Zuvor saß er in Offenbach in der Zentrale des Deutschen Wetterdienstes (DWD) im Bereich Vorhersage und Luftfahrt. Zum Phänomen Klimawandel hat Buchwald, der Ende des Monats in Ruhestand geht, seine eigene Ansicht.

„Ich finde die Katastrophen-Szenarien, die heute gezeichnet werden, sehr problematisch“: Klaus-Dieter Buchwald, Diplommeteorologe des Deutschen Wetterdienstes (DWD), der sein Handwerk in den 1970ern an der Freien Universität in Berlin studiert hat, distanziert sich von Szenarien, die seiner Meinung nach „reine Stimmungsmache sind“: „Ich halte mich an statistische Zahlen und Auswertungen, die die Klimaentwicklung der letzten hundert Jahre in unserer Region sachlich aufzeigen.“

Zum Klimawandel sagt er: „Die Trend-Analysen des Wetterdienstes belegen über die vergangenen hundert Jahre hinweg einen durchschnittlichen Temperaturanstieg von etwa einem Grad.

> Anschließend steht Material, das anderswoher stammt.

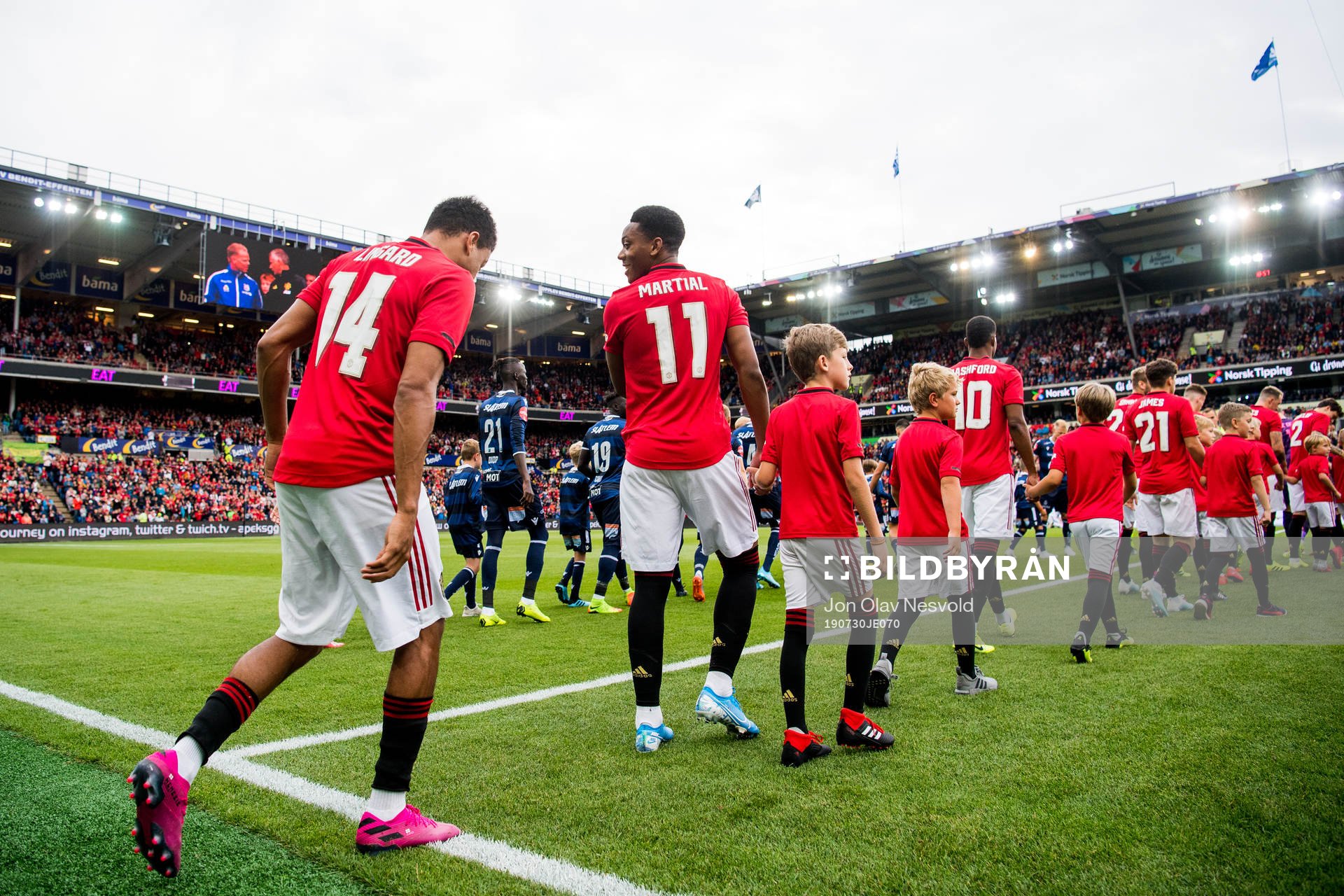 Jesse Lingard and Anthony Martial of Manchester United enter the pitch ahead of the friendly match between Kristiansund and Manchester United on July 30, 2019 in Oslo.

Der Beginn der Wachstumsphasen in der Pflanzenwelt hat sich im Laufe des Temperaturanstiegs der vergangenen Jahrzehnte um zwei Wochen nach vorne verschoben. Das ist unbestritten.“ Aber aus anderen Wetterereignissen – etwa der Zahl von Unwettern wie Starkregen und Hagelschlag – eine These für den Klimawandel aufstellen zu wollen, halte Buchwald „für sehr problematisch.“ Denn bei den Messungen der Tageshöchstmengen von Niederschlag oder der Anzahl von schweren Hagelereignissen zeige die Trendanalyse des DWD kein einheitliches Bild einer allgemeinen Zunahme. Es gebe regional sogar auch „stagnierende oder leicht rückläufige“ Werte über die Jahre. „Auch in Freising hat die Häufigkeit der Unwetter in den vergangenen Jahrzehnten keinesfalls zugenommen.“ Buchwald sah sich und das Agrarmeteorologische Institut des DWD, das übrigens dem Bundesverkehrsministerium unterstellt ist, immer „als Dienstleister“. Dabei ist seine „Kundschaft“, zu der in Bayern vor allem die Landwirte zählen, bis Baden-Württemberg verteilt. Sie alle brauchen spezielle Wetterprognosen, Beratungen oder Gutachten.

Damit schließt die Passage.